(Caption-style text data)
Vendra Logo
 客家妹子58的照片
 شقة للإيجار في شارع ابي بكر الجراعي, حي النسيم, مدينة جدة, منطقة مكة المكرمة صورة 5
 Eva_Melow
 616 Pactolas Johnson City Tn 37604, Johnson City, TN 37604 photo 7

__Prompt__. What you should produce is an exact copy of the records above.

__Answer space__.
Vendra Logo
 客家妹子58的照片
 شقة للإيجار في شارع ابي بكر الجراعي, حي النسيم, مدينة جدة, منطقة مكة المكرمة صورة 5
 Eva_Melow
 616 Pactolas Johnson City Tn 37604, Johnson City, TN 37604 photo 7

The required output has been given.